Enhancing Chemical Process Simulation through a GPU-Optimized Framework: Implementation and Validation of Equation-Oriented Methods using CUDA

• Published in: Computer Aided Chemical Engineering Vol. 53; pp. 3271 - 3276
• Main Authors: Yang, Shaoyi, Tian, Xufei, Qu, Shifeng, Duan, Zhaoyang, Yang, Minglei, Qian, Feng, Du, Wenli
• Format: Book Chapter
• Language: English
• Published: 2024
• Subjects: CUDA; Equation-Oriented; GPU; nonlinear solver; CUDA; GPU; Equation-Oriented; nonlinear solver
• ISBN: 9780443288241; 0443288240
• ISSN: 1570-7946
• DOI: 10.1016/B978-0-443-28824-1.50546-9

In the realm of chemical engineering, the simulation of complex process systems frequently entails solving interconnected equations on a large scale. Traditional methods are difficult to handle higher-dimensional computing, particularly hose necessitating increased real-time processing capabilities.
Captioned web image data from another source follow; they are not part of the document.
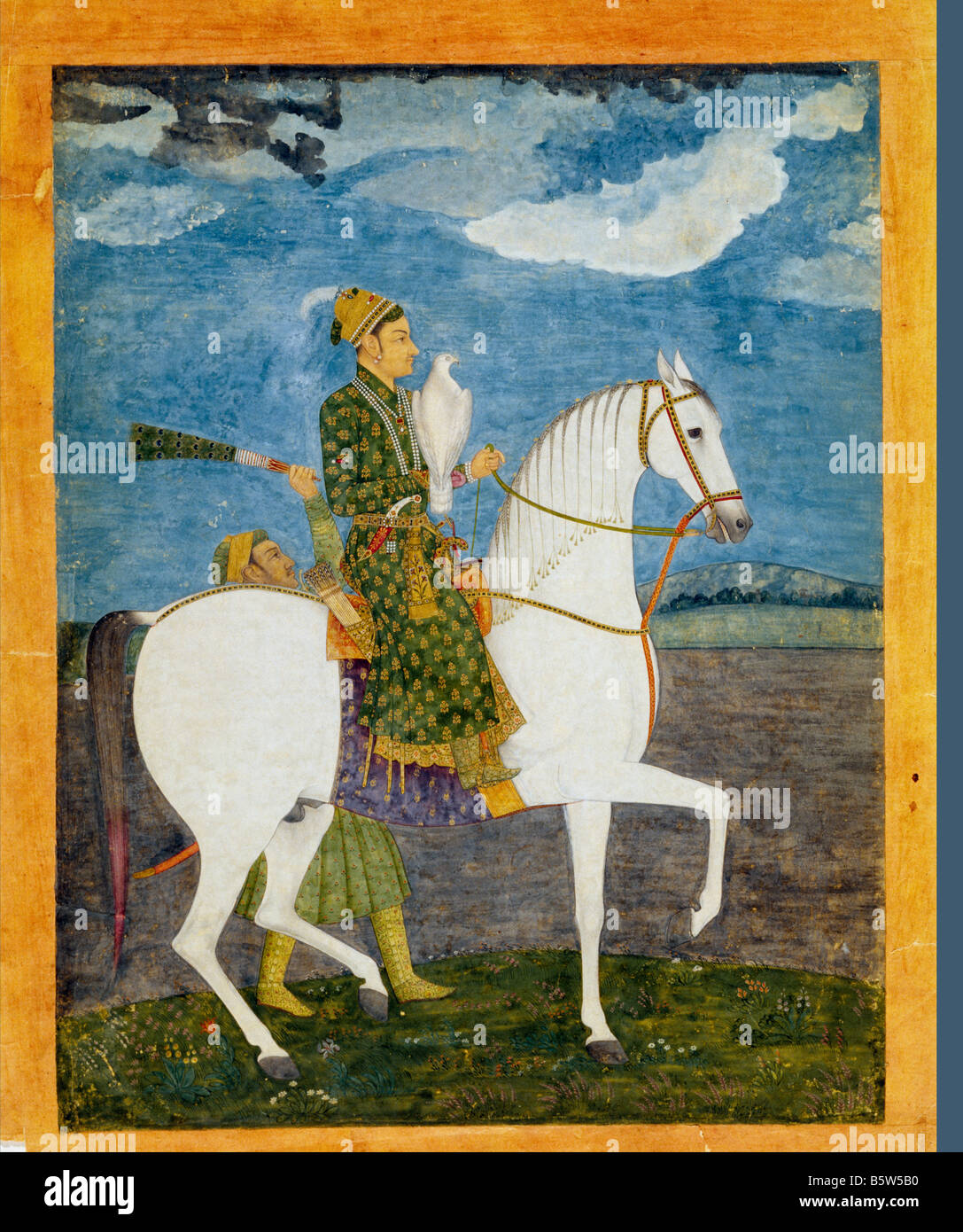 Equestrian Porträt von Raja Bisan Singh eingeschrieben auf dem Vorsatzblatt in Devanagari: Kishengarh circa 1760 National Museum der neuen De Stockfoto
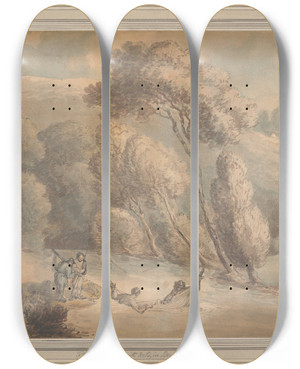 Triptych art skateboard deck of Thomas Rowlandson Fishing With Nets In Devonshire by Thomas Rowlandson (1756-1827)
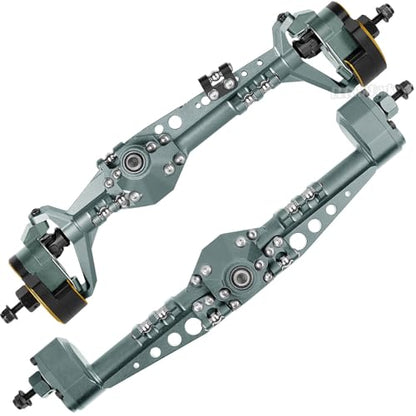 Front Rear Portal Axles Upgrades Part for 1/10 Capra 1.9 UTB 4X4,DIY SCX10 SCX10 II,RC Aluminum Alloy Front Rear Axle RC Crawler Car,1/10 Capra 1.9 UTB & SCX10,Titanium - color: Titanium - (Portal Axles)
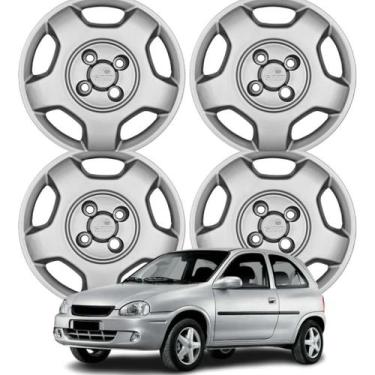 Imagem de Jogo Calota Aro 13 GM Corsa 2002 Cubo Baixo Prata - Grid Calotas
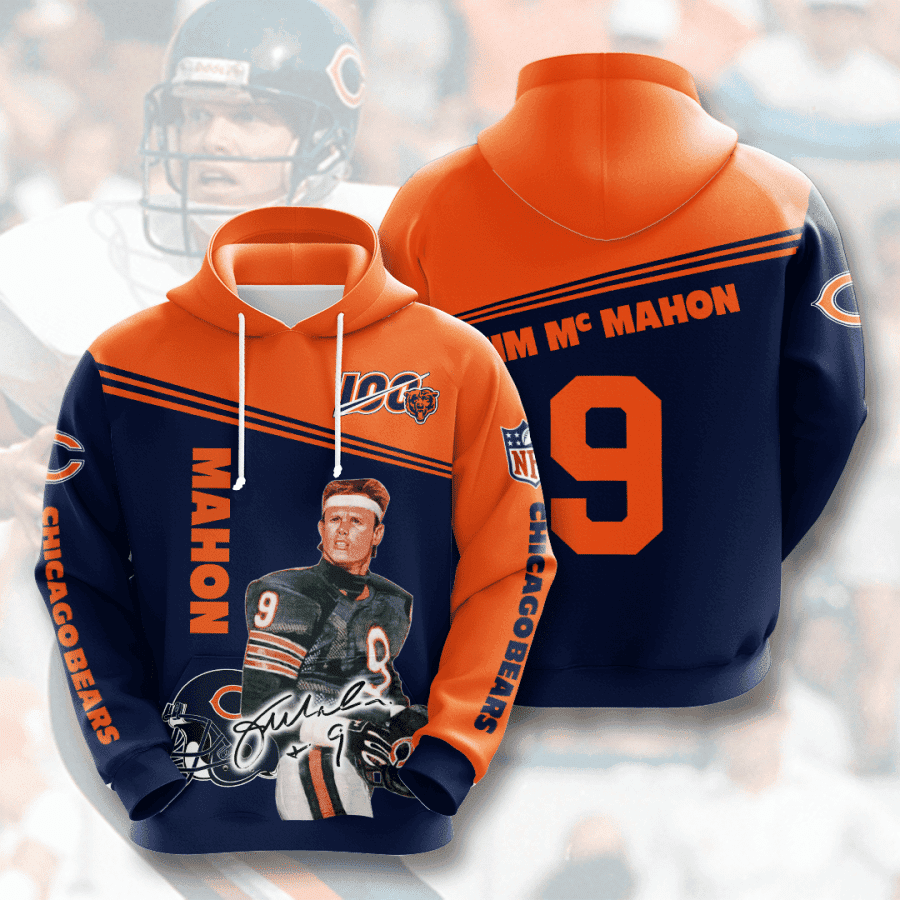 Chicago Bears Jim McMahon 9 3D All Over Print Hoodie, Zip Hoodie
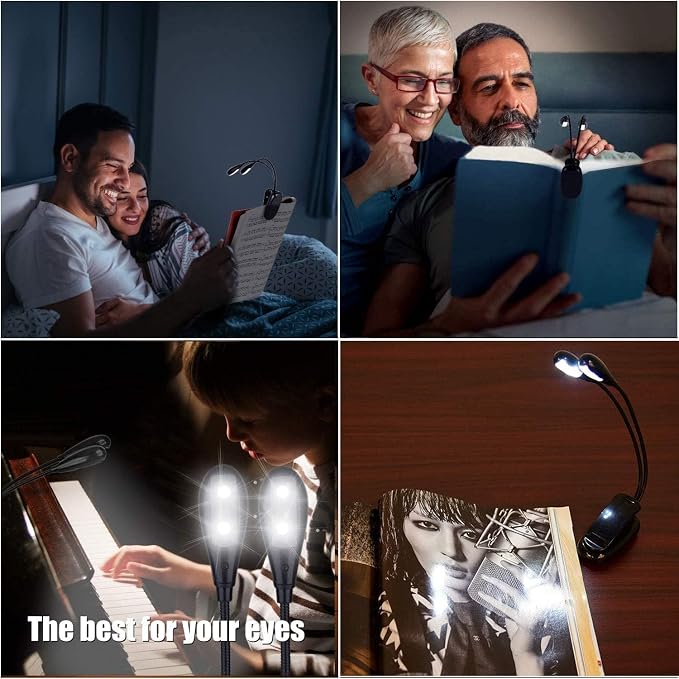 10 Pack Music Stand Lights - Musician Piano Light Clip On, USB & AAA Battery Powered, Eye Care & Portable, LED Book Reading Lamp, 4 Brightness, Ideal for Orchestra, Sheet Music, Guitar (Dual Arm)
This study aims to significantly enhance the computational efficiency of equation-oriented (EO) methods by leveraging Graphics Processing Units (GPUs), primarily utilizing the CUDA programming paradigm exploit the parallel processing capabilities of GPUs. We present a novel GPU-based framework tailored for chemical process simulations. This framework segments the thermodynamic computations and other complex tasks within the EO method, using GPU's massive parallel capabilities to simultaneously update each thermodynamic parameter in batches, significantly enhancing the overall efficiency of parameter computation. This work first demonstrates the tasks split method within the EO structure, followed by the utilization of CUDA graph on GPUs for parallel computation of thermodynamic parameters after the breakdown of tasks. Extensive result analyses are provided, validating that using a consumer-grade GPU achieve nearly a 100-fold enhancement in performance, while preserving identical accuracy.